Robert Edward Bercich (born November 9, 1936 in Chicago, Illinois) is a former American football safety in the National Football League for the Dallas Cowboys. He played college football at Michigan State University.

Early years
Bercich attended Argo Community High School, before moving on to Michigan State University. As a sophomore, he was moved between halfback and fullback. He became a starter at fullback as a junior and split time with Park Baker.

Professional career

New York Giants
The New York Giants selected Bercich in the fifteenth round (179th overall) of the 1959 NFL Draft with a future draft pick, which allowed the team to draft him before his college eligibility was over.

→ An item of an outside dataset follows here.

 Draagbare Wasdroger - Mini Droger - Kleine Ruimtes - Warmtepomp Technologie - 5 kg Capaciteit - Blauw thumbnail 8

He was also drafted by the Los Angeles Chargers in the second round of the 1960 AFL Draft. He was released on September 5, 1960.

Dallas Cowboys
On September 8, 1960, he was claimed off waivers by the Dallas Cowboys. He became the first starter (6 starts) at strong safety in franchise history, while splitting time with Gary Wisener (3 starts) and Fred Doelling (3 starts). He finished with 46 tackles (19 solo), 2 interceptions and 11 passes defensed.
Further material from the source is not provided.